Provided records
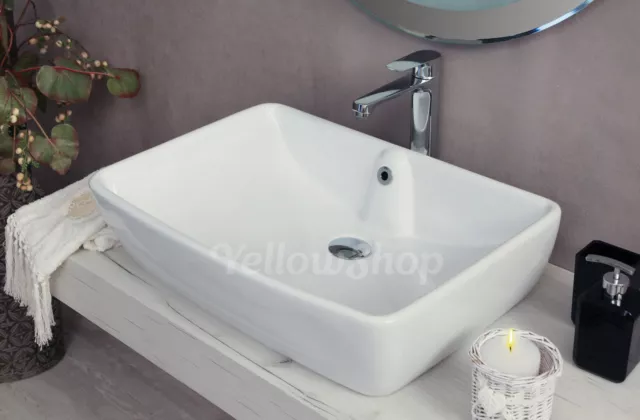 LAVABO CM 59 x 42 DA APPOGGIO CERAMICA LAVANDINO LAVELLO SANITARI BAGNO COUNTRY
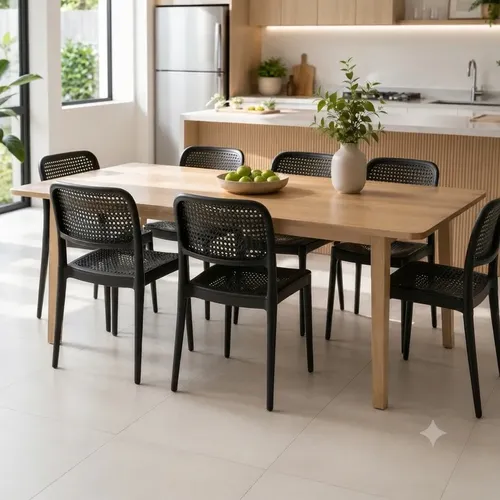 Kit 6 Cadeiras Mônaco Rattan Cozinha Sala Jantar Empilhavél Arabesco Preto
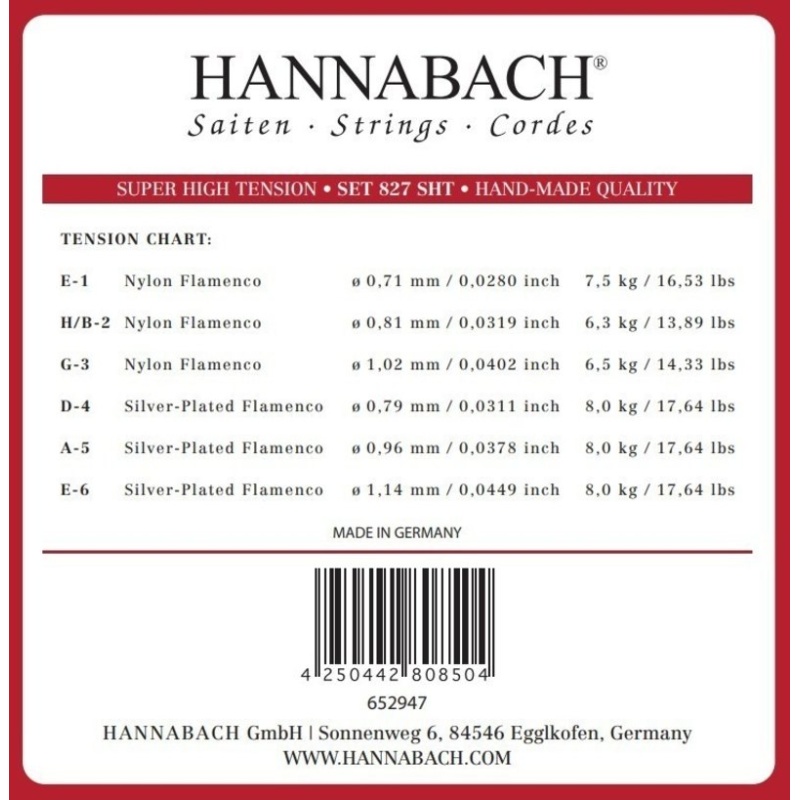 Strings for classic guitar Serie 827 Super High Tension Flamenco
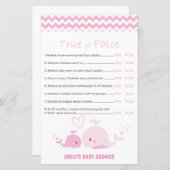 Papier Jeu de Baby shower de baleine rose nautique IMPRIM (Devant / Derrière)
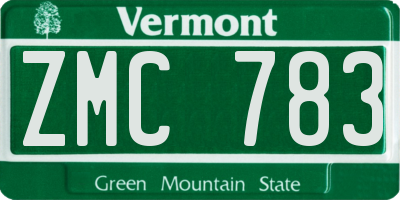 VT license plate ZMC783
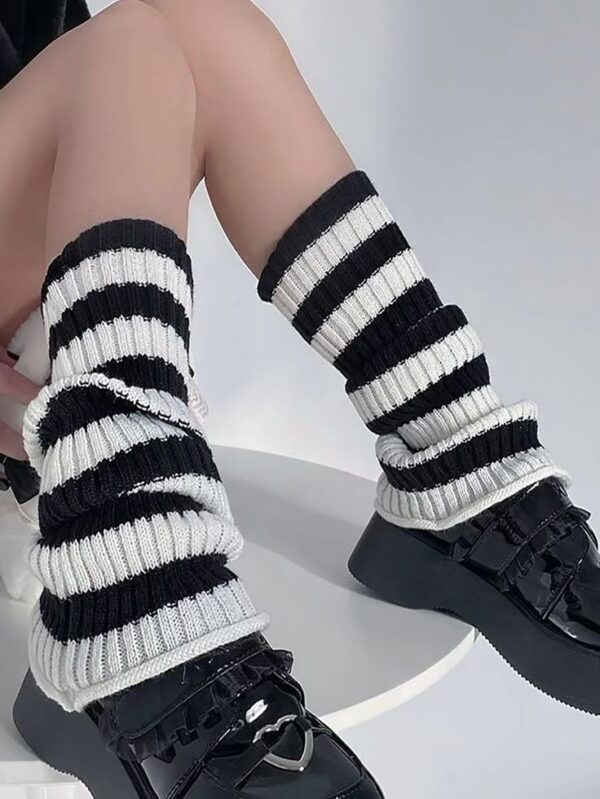 Striped Leg Warmers - Black & White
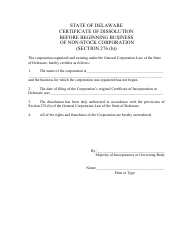 Certificate of Dissolution Before Beginning Business of Non-stock Corporation (Section 276 (B)) - Delaware, Page 3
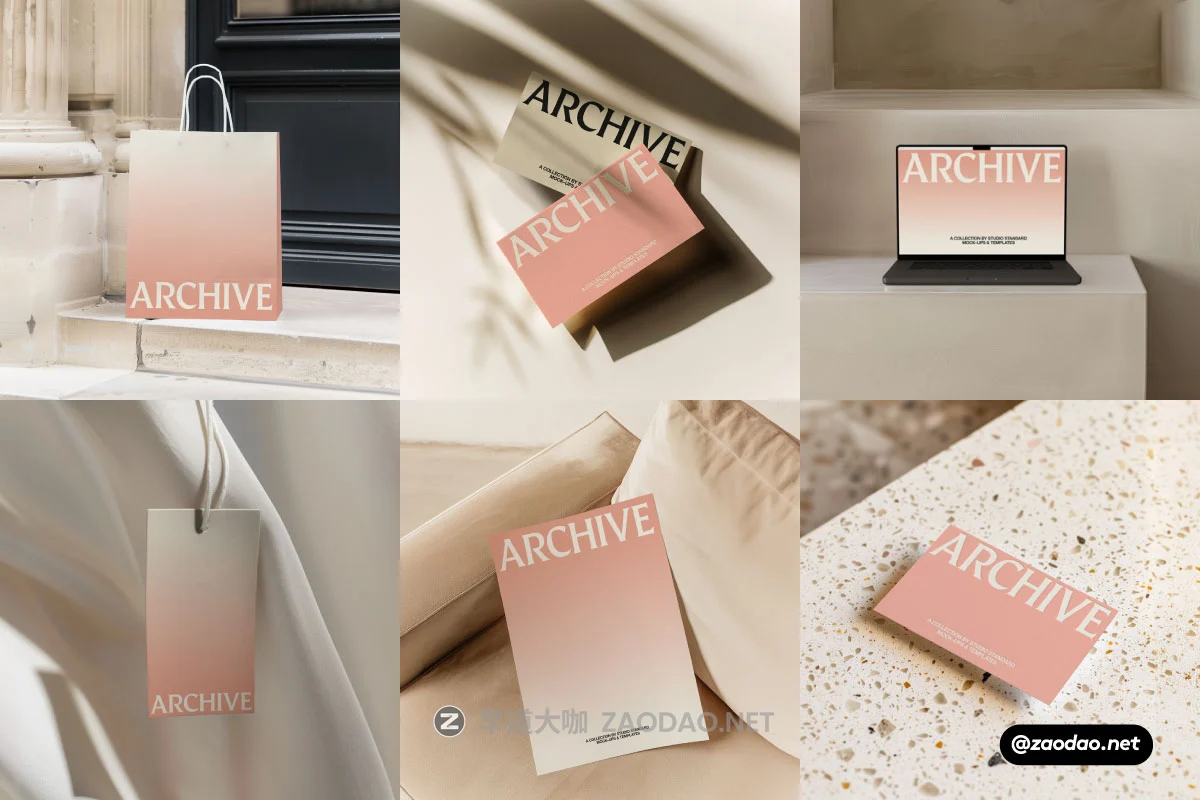 7款高级优雅品牌VI设计名片手提袋海报吊牌MacBook电脑贴图PSD样机模板 Studio Standard – Archive Collection Vol 1插图 7款高级优雅品牌VI设计名片手提袋海报吊牌MacBook电脑贴图PSD样机模板 Studio Standard – Archive Collection Vol 1插图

Exercise directions
Starting with the line that has "Strings for classic" and going on through the line that has "Certificate of Dissolution", transcribe the records above exactly, but skip the pictures.

Answer space
 Strings for classic guitar Serie 827 Super High Tension Flamenco
 Papier Jeu de Baby shower de baleine rose nautique IMPRIM (Devant / Derrière)
 VT license plate ZMC783
 Striped Leg Warmers - Black & White
 Certificate of Dissolution Before Beginning Business of Non-stock Corporation (Section 276 (B)) - Delaware, Page 3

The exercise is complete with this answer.